We don’t need articles that only locate cannon sizes, firepower, hardware, military personnel: that is the stuff of the arms trade, clamouring at the doors of Ministers’ offices, clutching this particular article amongst many.
What we need is context, context, context. We spend mountains of money on “defence” when what we have been funding is foreign misadventures. The Australian government has even bumped up $500 billion more on armaments in lockstep with US requirements. But money on diplomacy? Cut. Money on studying the causes and ways of peace? None. Foreign aid, to foster good intentions and international benefit? Cut, cut. The actual costs of a future war with China and its aftermath? Not mentioned – except the foolish notion that there could be winners.
A responsible news outlet should be conscious of the boundaries on thinking it fosters. Foster war thinking, and you will have more it. Instead, the media should dare to question, widen our understanding of the choices beyond the war-rattling path. The media should add up the price of war, both in opportunity cost and its miserable aftermath. Not only will we sharpen our own thinking when someone plays the dulcet siren sound of the war bugle, but we will know to look for the opportunities for diplomacy, the values of peace, and a different kind of prosperity.
The “coming war” stories that are appearing may have arisen on their own at the news desk, or they may have been partly seeded – sorry, briefed – by the US military, our own Department of Defence, or the arms manufacturers which stand to gain so much from a militarised economy. Whatever the source, we have been here before. The story is being framed.
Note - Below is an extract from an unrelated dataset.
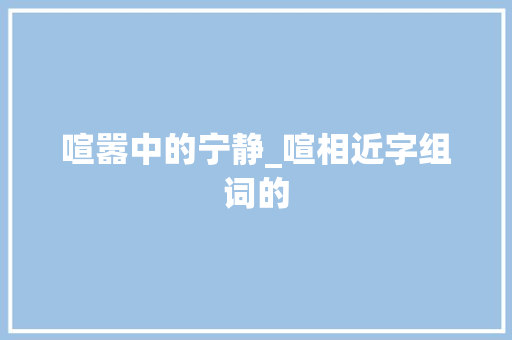 喧嚣中的宁静_喧相近字组词的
In a few short months, “Asia-Pacific” has become “Indo-Pacific,” an attempt to re-imagine a “Quadrilateral” narrative that will embrace the US, Japan, Australia and India in the bonds of war against you-know-whom. There is nothing inevitable about this: it is being forged in the thinktanks, military forces, and by the arms industry before our very eyes, and in our daily news outlets.
If the mainstream media won’t widen the story, then it’s up to peacemakers. Consider whether your Meeting is called to challenge the “coming war” coverage in the media, or moved to convene peace groups, or even to write and go and see your local MP (for your local area) or Senator (covering your state and territory). Especially look out for the parliamentarians who have not yet pledged to sign the Treaty on the Prohibition of Nuclear Weapons, as well as those who believe the arms trade build-up is going to be good for us and the region. We need money spent on diplomacy and shared security, on trust-building measures, and goodwill foreign aid. The media has been selling us fear. Friends can offer strategies so much better.
Adrian Glamorgan is Secretary of the Friends’ World Committee on Consultation, Asia-West Pacific Section.